I let Oz read my first few blogs. It’s nice, for a change, to have his focused attention on what I have to say.
“This is very pretty,” he says. “It’s like a short story. But I don’t think it’s a blog.”
I try not to get defensive: Oz can think inside the box and outside the box, and then he can flatten the box and turn it into a cardboard-origami-crane. So I value his feedback.
“Isn’t a blog where you say how you feel and don’t care about punctuation marks and split infinitives?”
“But I do care!”
He shakes his head and says I’m playing it “too safe.”
“Where is “the raw, funny, real woman who goes ballistic in the kitchen at night?” he demands. “The one who yells, ‘Go get tofu. Now.”
“But that’s my private side; not my public!”
Out in the “real world, I’m like one of those Cephalopods who can change colors and patterns and textures, lying very flat and still to avoid detection. If someone speaks to me, I can respond—even carry on a normal conversation—but the content is neutral and the tone amorphous. And then I squirt a confusing cloud of ink and escape through jet propulsion.
But in private, with friends and family, and particularly with Oz, I can be as loud and dark, vehement and cutting, heartfelt and earnest as I’m feeling in the moment. He doesn’t judge me. He knows I’m a good person—I just need a little release.
“Do you want to be an activist or a writer?” Oz asks.
“I’m not an activist! You know that. I have my convictions, but this isn’t a…a…platform!”

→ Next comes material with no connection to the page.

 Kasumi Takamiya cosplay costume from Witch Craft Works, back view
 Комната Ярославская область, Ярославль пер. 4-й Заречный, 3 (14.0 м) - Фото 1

“Because I don’t think I should be telling anyone how they ‘ought’ to live! That’s not me at all. That’s you.”
Oz doesn’t need to write a blog; he lives one. He tells people, point-blank, that they should be “water-boarded” for going to Sea World. “Executed” for feeding their kids fast food. “Put to sleep” for letting themselves getting fat and complacent in middle age.
Most people can’t get away with that. But he has a gruff, disarming manner and a foreign accent that everyone thinks is charming.
Isn’t it refreshing when someone insults you, right to your face? It’s so European!
The other night he went to a surprise party and told the recipient (in a loud, aggrieved voice), “I haven’t been to an adult birthday party in thirty years, but your wife painted such a pathetic picture of you that I had to come and see for myself. You Big Baby! I wouldn’t have bothered if I’d known you had any friends!”
And people loved it. They lapped it up like ganache.
Oz stares at me. “What I mean is, are you writing for the hell of it, or do you have something to say?”
“I have something to say,” I decide. “I just don’t want to alienate people.”
“If you’re a loner, then why do you care?”
Why? Because I am a middle child, a “good girl,” a designated pleaser, appeaser, and peacemaker. I never want to hurt anyone’s feelings or piss them off. I don’t want to be rejected.
“I don’t know,” I sigh. “I just don’t want a bunch of haters on my ass!”
“Who’s going to hate you? A bunch of jerks who drink chocolate milk?”
I laugh loudly. As usual, he’s funny and has got a point. But in the end, we each have to be true to our own nature.